3- Adı geçen günün kutsallığını bir kere daha arttırmak için bu günden vilâyet merkezinde Vali Beyefendi hazretlerinin düzenlemesiyle hatim ve Kur’an okunacak ve hatimin son bölümü Cuma günü namazdan sonra özel dairenin önünde tamamlanacaktır.
4- Kutsal ve yaralı vatanımızın her köşesinde bugünden Kur’an ve hatim okutulmaya başlanacak, Cuma günü ezandan evvel minarelerde Salavât-ı Şerife getirilecek ve hutbe sırasında Halîfemiz Padişahımız efendimiz hazretlerinin namları zikredilirken Padişahımızın ve bütün ülkenin bir an önce kurtuluşa ve esenliğe kavuşmaları duası ilave edilerek okunacaktır. Cuma namazının kılınmasından sonra da Kur’an okunacak ve Yüce Hilâfet ve Saltanat makamının ve vatanın bütün parçalarının kurtuluşu amacıyla oluşturulan millî çalışmaların önem ve kutsallığı ve milletin her ferdinin kendi vekillerinden meydana gelen bu Büyük Millet Meclisi’ne tevdi edeceği vatanî görevi yerine getirme zorunluluğu hakkında vaazlar yapılacaktır.

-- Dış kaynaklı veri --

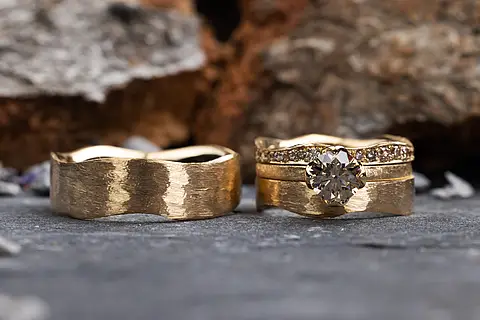 Strukturiertes Eheringset, der rechte Ring hat zwei Vorsteckringe, einen mit kleinen Diamanten entlang der Ringschiene, einen mit großem Solitär.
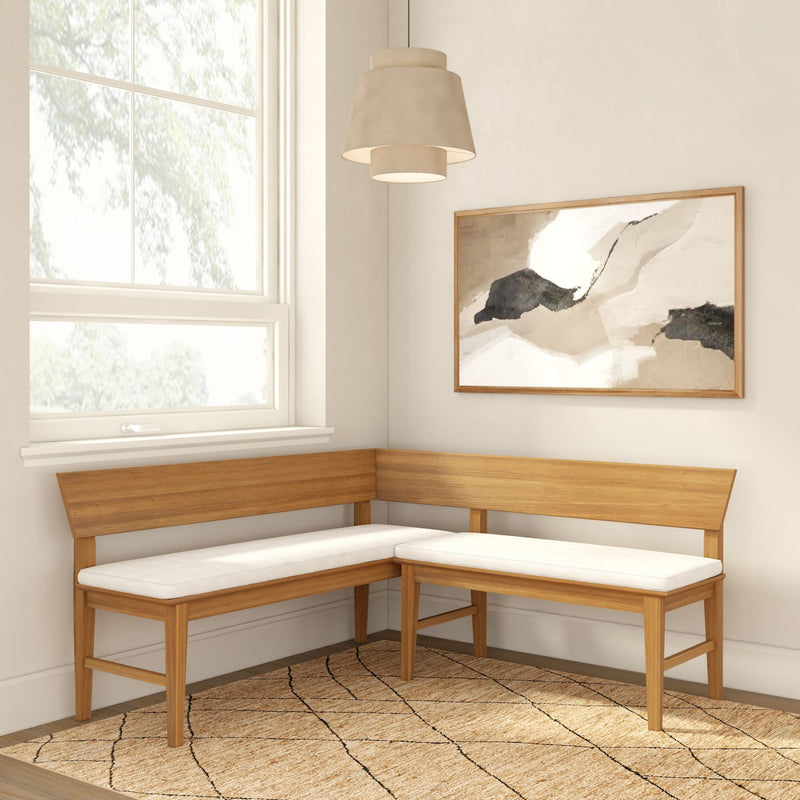 Light oak corner bench with white cushions in bright dining nook, neutral abstract wall art, pendant lamp and woven jute rug
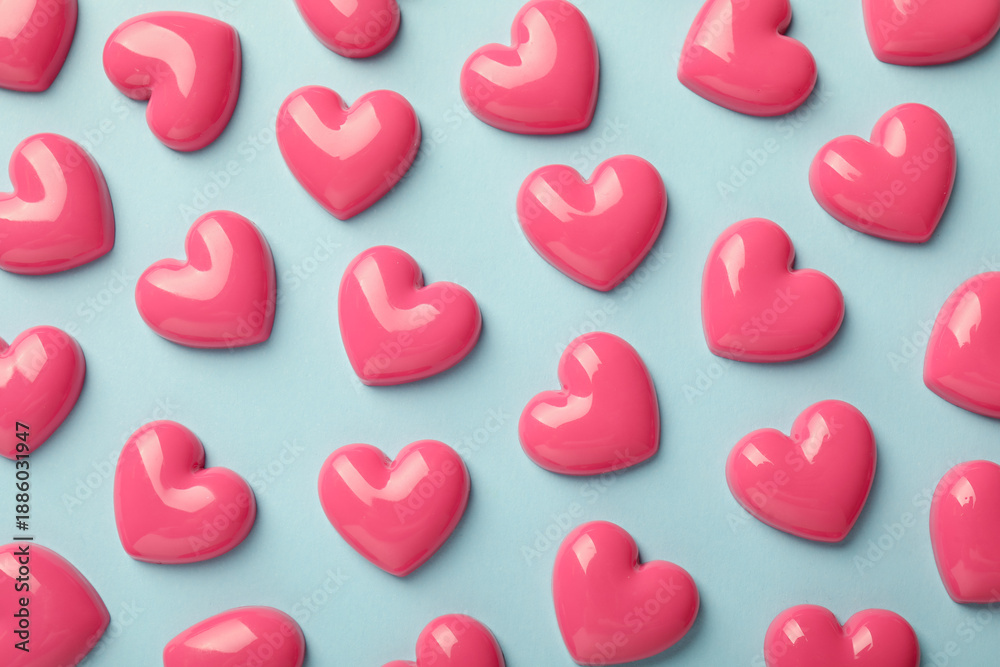 Fototapeta premium Pink decorative hearts on light blue background, flat lay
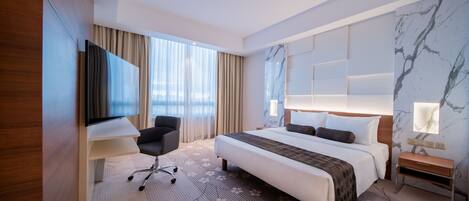Una habitación de hotel moderna con una cama grande, un escritorio, una silla y un televisor.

Bundan sonra, Halîfe ve Padişahımız’ın, din ve devletimizin, vatan ve milletimizin kurtuluşu, selâmeti ve istiklâli için dua edilecektir. Bu dinî ve vatanî törenin yerine getirilmesinden ve camilerden çıkıldıktan sonra Osmanlı Ülkesinin her tarafından, hükümet makamına gelinerek Meclis’in açılmasından dolayı resmî kutlamalar yapılacaktır. Her tarafta Cuma namazından önce uygun suretle mevlidî şerif okunacaktır.
5- Bu bildirinin hemen yayımı için her araca baş vurulacak ve acele en ücra köylere, en küçük askerî birliklere, ülkenin bütün teşkilatlarına ve kurumlarına tebliğ edilmesi sağlanacaktır. Ayrıca, büyük levhalar halinde her yere asılacak ve mümkünse yerel baskı ve çoğaltılarak parasız dağıtılacaktır.
6- Yüce Allah’tan tam başarı için dua olunur.